Il brasiliano Lula, che ha vinto le ultime elezioni con un margine risicatissimo, a proposito dell’Ucraina ha ribadito la volontà brasiliana di rispettare le norme del diritto internazionale, dando così uno schiaffo a Putin.

Le condizioni di New Delhi

Come si diceva innanzi, l’unico membro dei Brics in ascesa è l’India di Narendra Modi. A dispetto delle sue politiche repressive nei confronti delle minoranze etniche e religiose, tuttavia, il premier indiano non sembra affatto intenzionato a fare il salto della quaglia (perché non gli conviene).
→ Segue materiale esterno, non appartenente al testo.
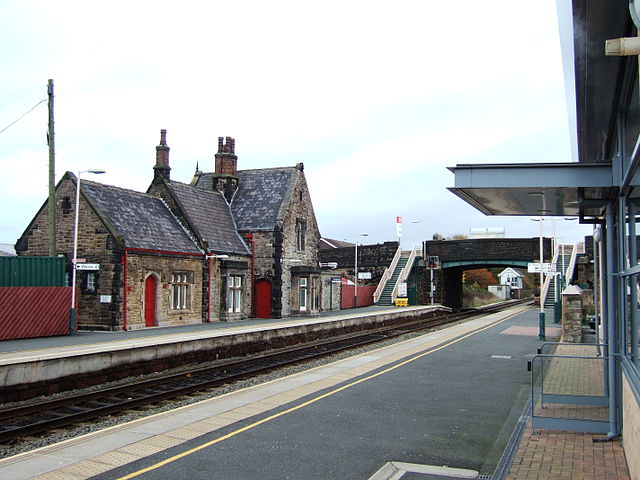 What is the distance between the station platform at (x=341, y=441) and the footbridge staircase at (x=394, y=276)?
36.1 m

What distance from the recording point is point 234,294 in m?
30.7

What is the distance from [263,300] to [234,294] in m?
2.39

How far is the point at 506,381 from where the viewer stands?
13758mm

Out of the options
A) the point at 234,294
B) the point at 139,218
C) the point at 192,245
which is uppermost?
the point at 139,218

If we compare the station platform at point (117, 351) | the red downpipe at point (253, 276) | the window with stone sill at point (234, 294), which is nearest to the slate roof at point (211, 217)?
the red downpipe at point (253, 276)

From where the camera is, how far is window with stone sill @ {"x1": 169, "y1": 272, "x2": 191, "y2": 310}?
26.7 m

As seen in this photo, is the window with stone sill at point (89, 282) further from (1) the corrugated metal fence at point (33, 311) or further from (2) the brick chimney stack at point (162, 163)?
(2) the brick chimney stack at point (162, 163)

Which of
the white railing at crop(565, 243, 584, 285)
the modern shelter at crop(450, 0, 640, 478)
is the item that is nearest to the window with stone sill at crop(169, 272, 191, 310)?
the modern shelter at crop(450, 0, 640, 478)

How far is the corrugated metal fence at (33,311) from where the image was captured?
19.9 metres

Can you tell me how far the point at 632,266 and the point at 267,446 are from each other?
522cm

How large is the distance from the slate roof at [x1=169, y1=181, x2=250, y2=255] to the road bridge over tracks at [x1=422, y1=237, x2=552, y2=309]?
25984 mm

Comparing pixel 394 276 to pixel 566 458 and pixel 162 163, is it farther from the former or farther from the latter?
pixel 566 458

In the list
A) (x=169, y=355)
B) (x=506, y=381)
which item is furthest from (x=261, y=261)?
(x=506, y=381)

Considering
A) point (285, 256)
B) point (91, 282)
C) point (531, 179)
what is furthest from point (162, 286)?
point (531, 179) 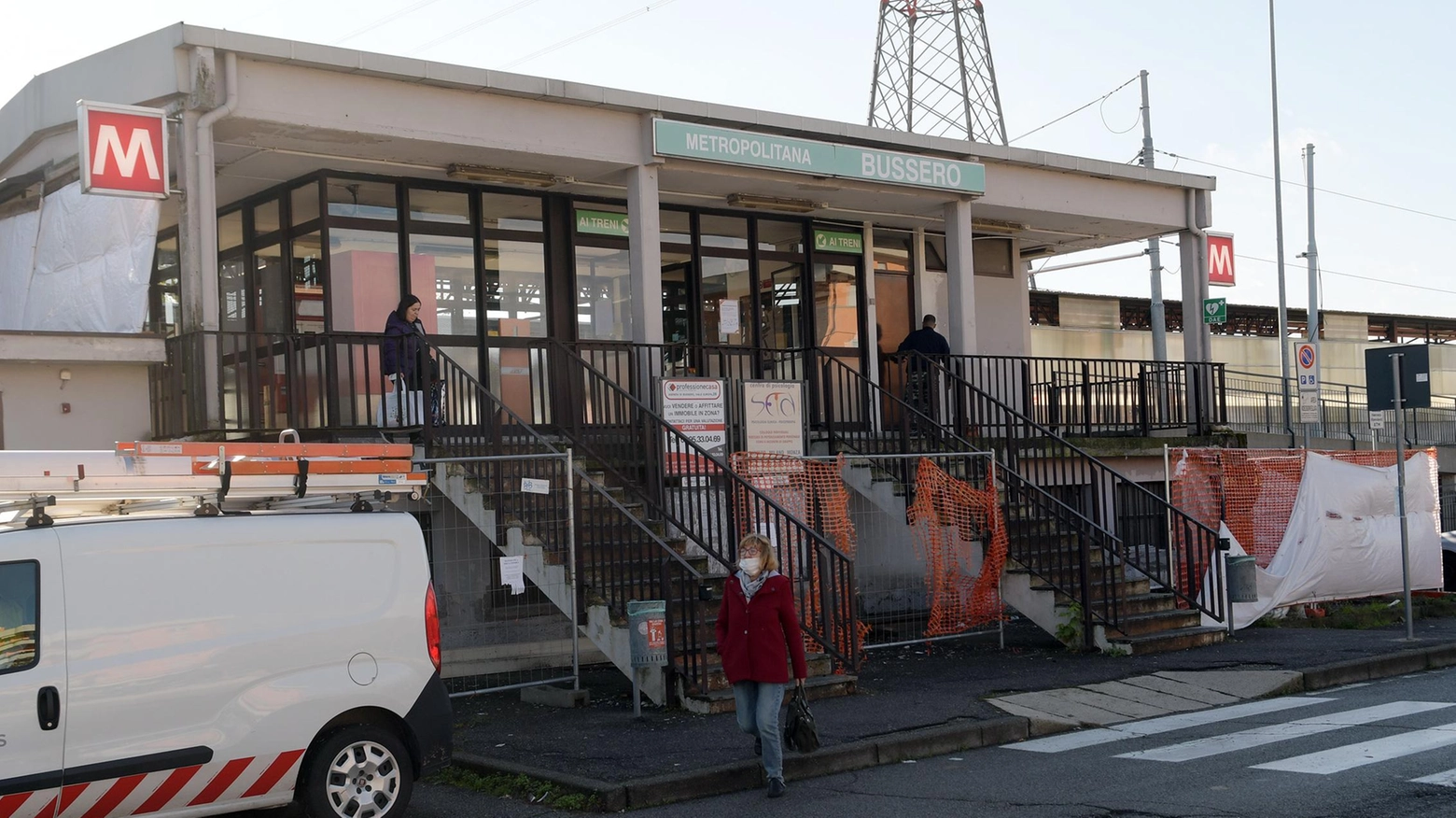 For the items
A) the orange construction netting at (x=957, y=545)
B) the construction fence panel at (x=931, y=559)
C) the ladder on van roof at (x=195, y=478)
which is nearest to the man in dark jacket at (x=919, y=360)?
the construction fence panel at (x=931, y=559)

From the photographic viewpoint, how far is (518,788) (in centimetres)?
870

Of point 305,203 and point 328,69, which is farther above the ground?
point 328,69

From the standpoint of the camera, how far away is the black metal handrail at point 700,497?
456 inches

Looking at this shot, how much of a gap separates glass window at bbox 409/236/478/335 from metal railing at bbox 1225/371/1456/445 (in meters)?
20.6

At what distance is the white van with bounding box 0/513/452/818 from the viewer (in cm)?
664

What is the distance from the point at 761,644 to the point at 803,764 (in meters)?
1.01

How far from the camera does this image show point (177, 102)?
12.6 metres

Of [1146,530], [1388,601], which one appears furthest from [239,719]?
[1388,601]

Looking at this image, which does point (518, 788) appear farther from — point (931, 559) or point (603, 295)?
point (603, 295)

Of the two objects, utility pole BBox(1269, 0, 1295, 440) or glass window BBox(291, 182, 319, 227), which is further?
utility pole BBox(1269, 0, 1295, 440)

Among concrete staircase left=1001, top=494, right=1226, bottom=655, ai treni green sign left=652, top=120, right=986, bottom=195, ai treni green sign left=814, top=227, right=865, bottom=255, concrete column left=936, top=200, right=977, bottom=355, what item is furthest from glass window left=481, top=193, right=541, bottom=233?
concrete staircase left=1001, top=494, right=1226, bottom=655

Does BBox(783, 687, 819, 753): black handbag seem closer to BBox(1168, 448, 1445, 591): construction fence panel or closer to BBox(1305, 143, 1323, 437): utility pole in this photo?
BBox(1168, 448, 1445, 591): construction fence panel

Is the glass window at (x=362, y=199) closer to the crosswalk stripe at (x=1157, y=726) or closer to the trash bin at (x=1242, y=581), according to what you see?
the crosswalk stripe at (x=1157, y=726)

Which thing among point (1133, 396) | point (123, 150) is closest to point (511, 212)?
point (123, 150) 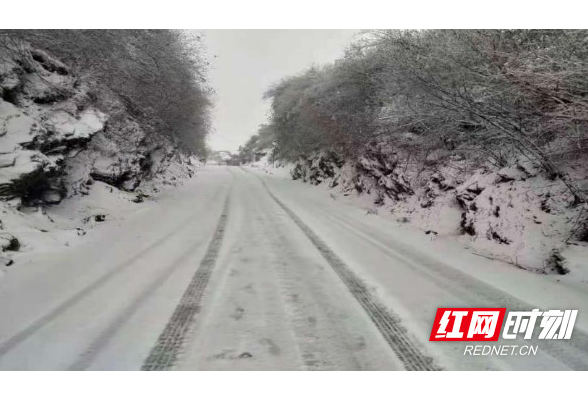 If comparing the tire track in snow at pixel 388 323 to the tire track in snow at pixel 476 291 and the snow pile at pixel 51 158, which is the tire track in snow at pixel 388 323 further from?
the snow pile at pixel 51 158

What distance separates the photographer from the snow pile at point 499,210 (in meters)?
6.02

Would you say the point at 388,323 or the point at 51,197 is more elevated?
the point at 388,323

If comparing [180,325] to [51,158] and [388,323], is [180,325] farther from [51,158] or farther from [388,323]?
[51,158]

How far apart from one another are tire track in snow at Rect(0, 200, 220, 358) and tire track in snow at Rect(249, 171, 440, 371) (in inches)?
123

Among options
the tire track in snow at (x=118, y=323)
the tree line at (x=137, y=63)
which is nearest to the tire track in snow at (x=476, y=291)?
the tire track in snow at (x=118, y=323)

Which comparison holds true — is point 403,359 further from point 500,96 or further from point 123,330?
point 500,96

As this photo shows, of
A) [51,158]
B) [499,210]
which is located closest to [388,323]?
[499,210]

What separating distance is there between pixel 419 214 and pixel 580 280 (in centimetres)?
549

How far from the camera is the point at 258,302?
445 centimetres

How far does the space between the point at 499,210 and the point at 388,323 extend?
4.68 meters

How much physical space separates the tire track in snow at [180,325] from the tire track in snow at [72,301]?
117cm

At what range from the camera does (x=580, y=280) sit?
5.24m

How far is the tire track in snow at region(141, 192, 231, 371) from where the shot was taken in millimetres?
3152

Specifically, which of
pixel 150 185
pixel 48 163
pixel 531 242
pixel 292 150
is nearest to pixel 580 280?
→ pixel 531 242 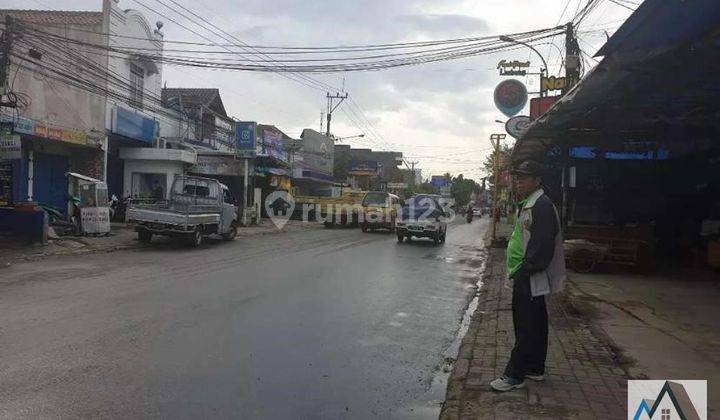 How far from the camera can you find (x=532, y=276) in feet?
16.6

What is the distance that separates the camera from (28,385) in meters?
4.99

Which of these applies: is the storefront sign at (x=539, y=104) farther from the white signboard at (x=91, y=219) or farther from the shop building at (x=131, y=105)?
the shop building at (x=131, y=105)

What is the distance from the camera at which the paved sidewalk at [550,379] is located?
454 cm

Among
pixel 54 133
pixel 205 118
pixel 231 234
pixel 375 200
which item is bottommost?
pixel 231 234

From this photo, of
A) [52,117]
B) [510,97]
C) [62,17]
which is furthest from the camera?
[62,17]

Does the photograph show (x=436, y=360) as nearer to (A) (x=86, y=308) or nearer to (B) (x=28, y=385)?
(B) (x=28, y=385)

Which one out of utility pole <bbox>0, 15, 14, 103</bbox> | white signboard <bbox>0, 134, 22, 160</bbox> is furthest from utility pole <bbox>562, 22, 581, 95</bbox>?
white signboard <bbox>0, 134, 22, 160</bbox>

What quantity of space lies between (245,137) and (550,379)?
26.0m

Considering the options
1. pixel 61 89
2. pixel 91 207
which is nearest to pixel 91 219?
pixel 91 207

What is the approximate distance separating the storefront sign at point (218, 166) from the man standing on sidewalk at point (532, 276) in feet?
86.8

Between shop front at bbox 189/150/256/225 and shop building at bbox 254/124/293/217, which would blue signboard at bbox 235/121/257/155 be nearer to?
shop front at bbox 189/150/256/225

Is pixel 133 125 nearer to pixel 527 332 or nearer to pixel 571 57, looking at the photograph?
pixel 571 57

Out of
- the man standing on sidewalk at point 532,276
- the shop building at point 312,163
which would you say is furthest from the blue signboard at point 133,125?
the man standing on sidewalk at point 532,276

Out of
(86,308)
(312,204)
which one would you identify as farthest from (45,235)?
(312,204) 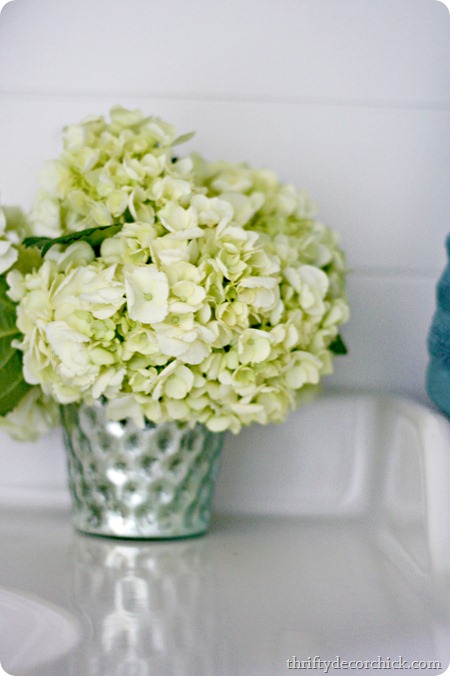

La popolazione indiana ha superato quella cinese e New Delhi può vantare un Pil in costante ascesa rispetto a quello di Pechino. Nell’Indo-Pacifico partecipa ad alleanze militari con le nazioni occidentali, e Modi si è addirittura concesso il lusso di dire che gli aspiranti nuovi membri del gruppo devono essere Paesi democratici, messaggio in realtà indirizzato a Mosca e a Pechino.

Mi sembra insomma che i cantori dei Brics non abbiano molti motivi per essere ottimisti e che, al contrario, dovrebbero essere assai più prudenti.